Court Allows Accelerated Procedure to Enforce Settlement Agreement

Lawsuits can take a long time before a plaintiff obtains a judgment.  But New York offers an accelerated litigation procedure for plaintiffs who are looking to collect a debt: summary judgment in lieu of complaint.  It is only available, though, for the enforcement of an “instrument for the payment of money only” and not for other kinds of contracts. Naturally, parties litigate whether a particular contract meets that definition.

This issue arose in a recent case before the state appellate court in Manhattan.  The plaintiff in that case used the procedure to enforce a settlement agreement.  The defendant claimed that the settlement agreement was not such a contract since it also required the defendant to release the plaintiff from any potential claims he had against him and to submit to an inquest in connection with payments.  The appellate court disagreed, however, holding that the settlement agreement qualified since its sole requirement of the defendant was to pay money.

Cases like this illustrate the kinds of agreements that qualify for summary judgment in lieu of complaint.

Court Narrowly Construes Insurance Policy Exemption in Covid-Related Case

Courts often interpret insurance contracts in a very sympathetic light to policyholders and harshly to insurance companies.  This is likely because they recognize the tremendous power imbalance between the two parties: insurance companies can write the policies and policyholders have very little say into the terms.

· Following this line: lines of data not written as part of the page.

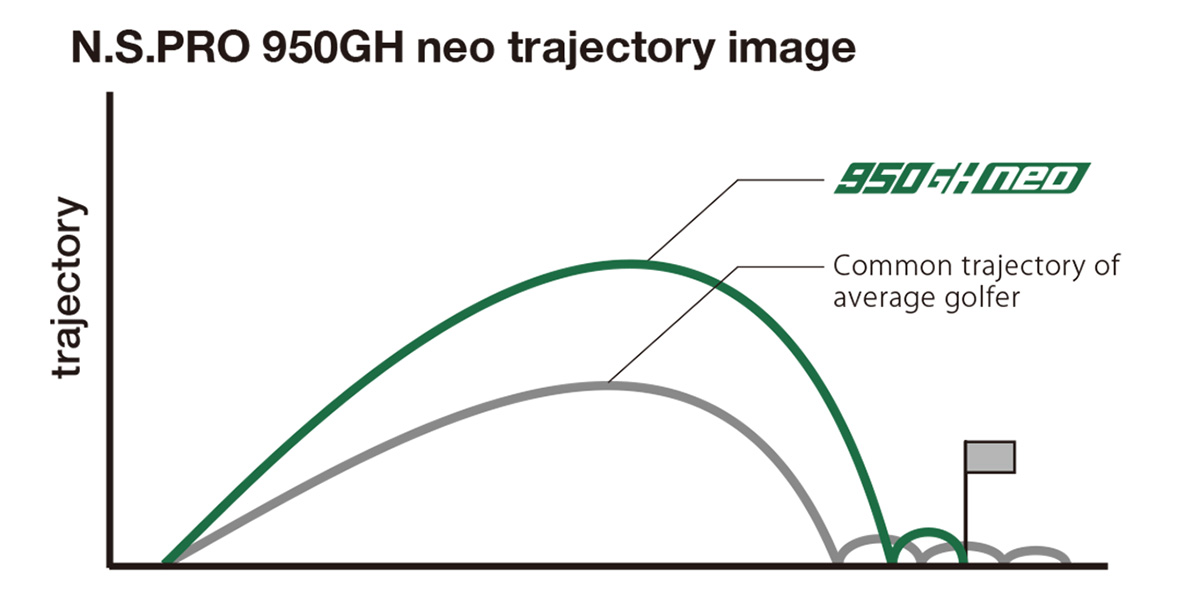 N.S. PRO 950GH neo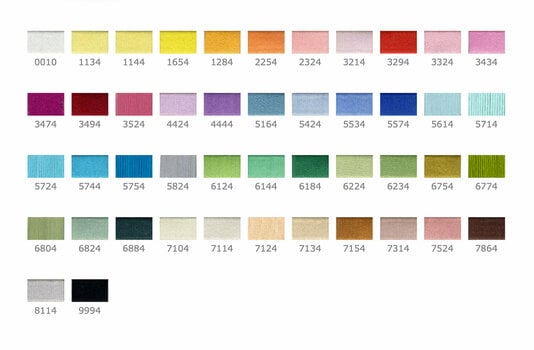 Fil de crochet Nitarna Ceska Trebova Monika 5164 Blue Fil de crochet - 3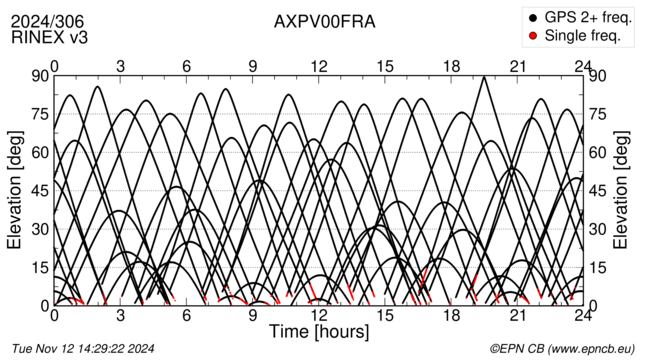 Azimuth / Elevation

A recent case before the state appellate court in Manhattan illustrates this manner interpretation as it applies to coverage related to covid-19.  A Broadway show made an insurance claim since it had to close during the pandemic.  The insurance company said the claim was excluded by a provision that applied to losses related to “the imposition of quarantine or restriction in movement of people or animals by any national or international body or agency.”  The appeals court affirmed the trial court holding that, since New York’s quarantines were imposed by the state and not the federal government or an international agency, the provision did not apply.

Cases like this provide interesting insight into questions raised a few years ago about how insurance policies would apply in the pandemic.

Court Upholds Restrictions on Attorney Advertising Related to Pharmaceutical Cases

Litigation News, a magazine published by the American Bar Association, featured an article I wrote about a Court of Appeals decision that affirmed attorney advertising regulations over a free speech challenge.

West Virginia adopted regulations to govern how lawyers could advertise to clients seeking to sue pharmaceutical companies. Although the trial court had sided with lawyers challenging the law that its restrictions interfered with protected speech, the appellate court reversed and upheld the law.

I found this case to be a very interesting examination of the protections afforded to commercial speech and an illustrating example of the litigation that ensues when governments adopt regulations that may seem like common sense.

Plaintiff Fails to Meet Burden for Imposition of Discovery Sanctions on Defendant

Parties in litigation are required to preserve evidence so they may provide it to their adversaries. A party may request that the court punish a litigant who destroys or “spoliates” evidence. But the burden to prove that a litigant spoliated evidence is high.

The state appellate court in Manhattan recently considered this burden in a recent case. The plaintiff in that case asked the court to punish the defendant for its failure to produce handwritten records of mechanic visits and a log book. The court denied sanctions because there was insufficient evidence the records existed and because the plaintiff never tried to get the book from the party most likely to currently possess it.

Cases like this illustrate the difficulty parties face in seeking discovery sanctions.